About

“A strategic inflection point is a time in the life of business when its fundamentals are about to change. that change can mean an opportunity to rise to new heights. But it may just as likely signal the beginning of the end” Andy grove, July 9, 2018

Government IT is at a strategic inflection point—time to think differently. Yes, government capability delivery can parallel commercial practices and deliver faster, cheaper, and better capabilities. We not only believe this is possible, but it is within reach. The discussions herein frame a path to this transformation. The key to success is to see the problem as a puzzle and address all the puzzle pieces concurrently.
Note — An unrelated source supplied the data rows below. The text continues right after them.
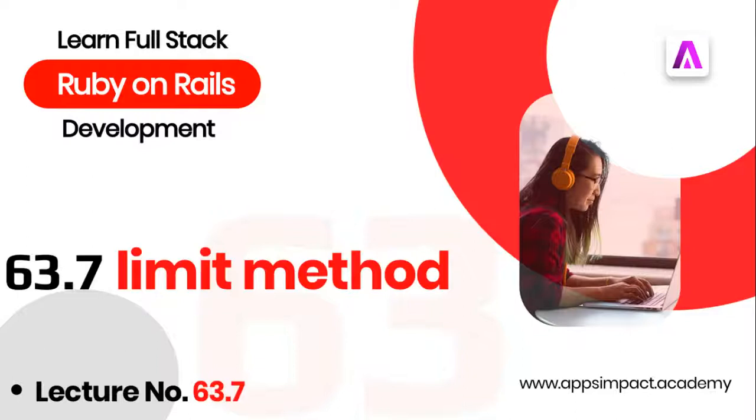Hey guys, welcome back. This is part 7 of lecture number 63 from our bootcamp series. In this lecture we will discuss the limit method in Active Record queries. Limit method is used to specify the number of records to be retrieved.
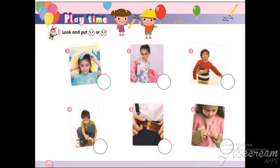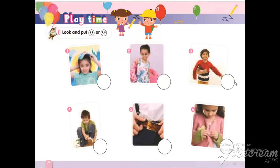Look and put a smile or sad face. Here, it's put on your cap. Put on your jacket. Put on your shoes. Put on your suit. Put on your belt, and put on your jacket.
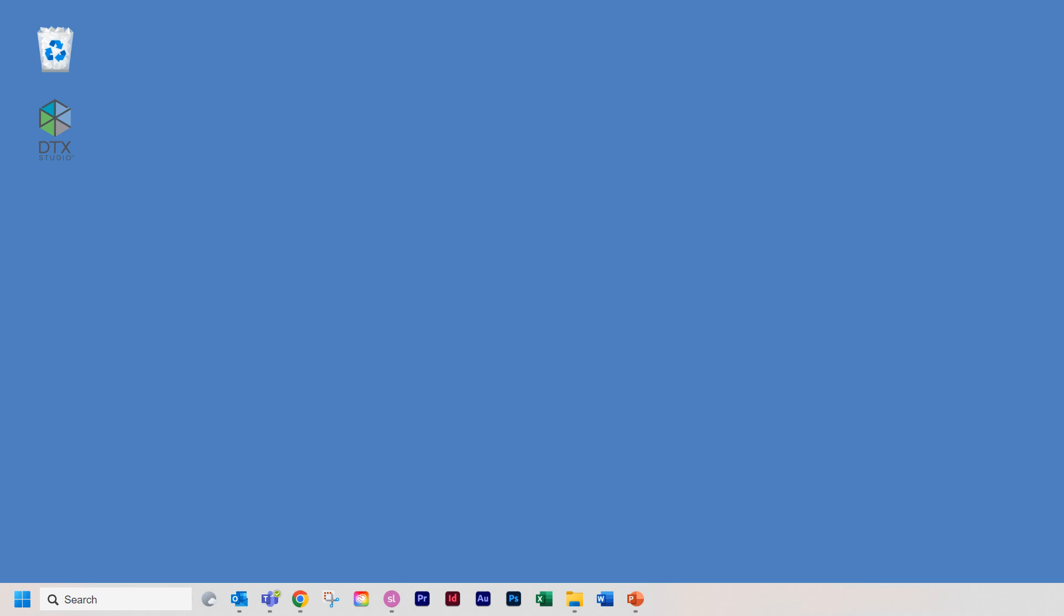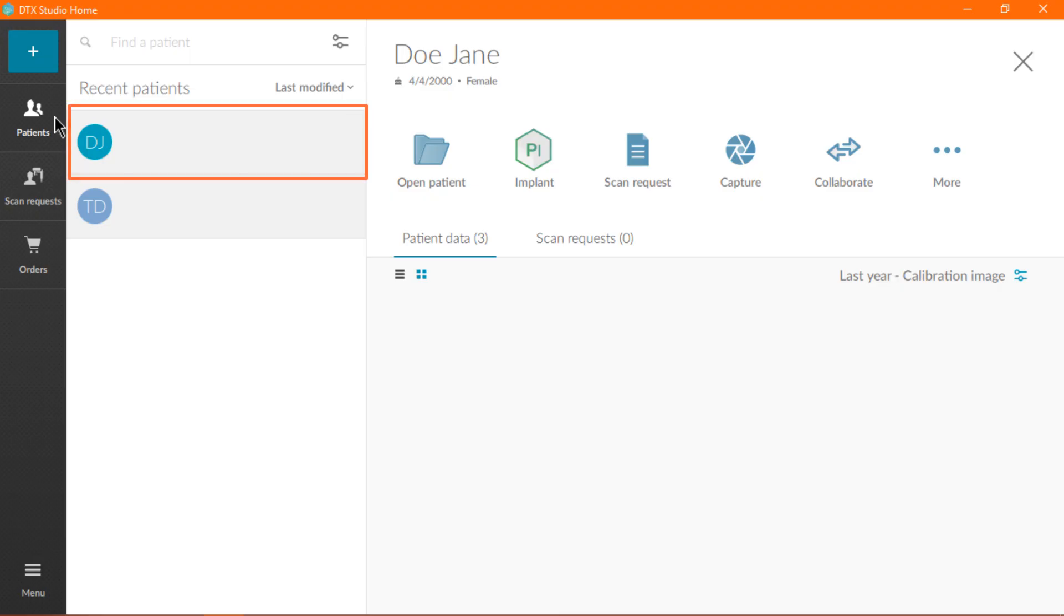We'll begin by looking at how to prepare the GUI. To begin, launch DTX Studio or your Twink-compatible imaging software. Select the patient and click the Capture icon.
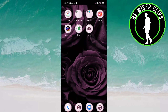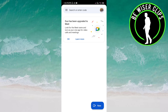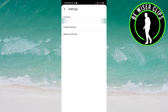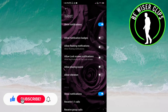Hello friends, welcome back. In this video we will learn how to turn on lock screen notifications on the Meet app. Let's get started. Open the Meet app, click on the three bars on the top left side of the screen, go to Settings, click on Calling Settings, and then choose Notifications.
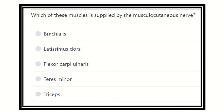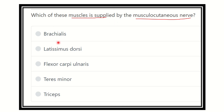We know that the musculocutaneous nerve is a nerve of the upper limb. The options for which muscle is supplied by it are: brachialis muscle, latissimus dorsi muscle, flexor carpi ulnaris muscle, teres minor, and triceps muscle.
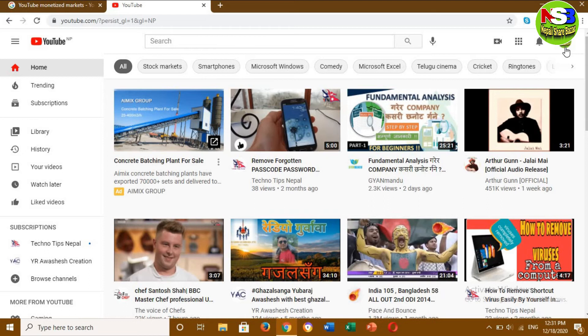This is my YouTube channel, which has a country location set to Nepal. I will appeal to my YouTube channel. This is the payment section of the YouTube channel, so I can pay directly to my bank account.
When addressed at the right enterprise-level, this transformation is not only easier than it appears but self-funding. Yes, self-funding. Agencies can achieve more, for less, faster with no additional funding. Some agencies already have most of the pieces in place but are not orchestrating them in a way for them to work together constructively. Without this orchestration, each piece creates impediments to the others and obstructs achieving the intended goals. It is critical that this orchestration occurs at the right level of the enterprise given that execution units, like pieces in a puzzle, usually are required to follow established acquisition and engineering lifecycles.

What is this site about?

The purpose of this site is to discuss an approach for government agencies to realize the gains of the ongoing Commercial IT revolution. The approach is meant to be scaled incrementally to the enterprise level via a greenfield/brownfield program partitioning. While the approach should work for most government organizations, how it is realized on a given agency will depend on how the agency is structured. In general, the discussion will be based on an agency where Mission execution is separate from Capability development, and capability development is organized along functional lines. Integrated Project Organizations are expected to realize the same benefits with easier implementation.

There is a lot to discuss. In time we will cover mission capability development, Global infrastructure support, and service-based acquisition models, and engineering lifecycles. We will treat agile and cloud as pull-push contexts that enable each other.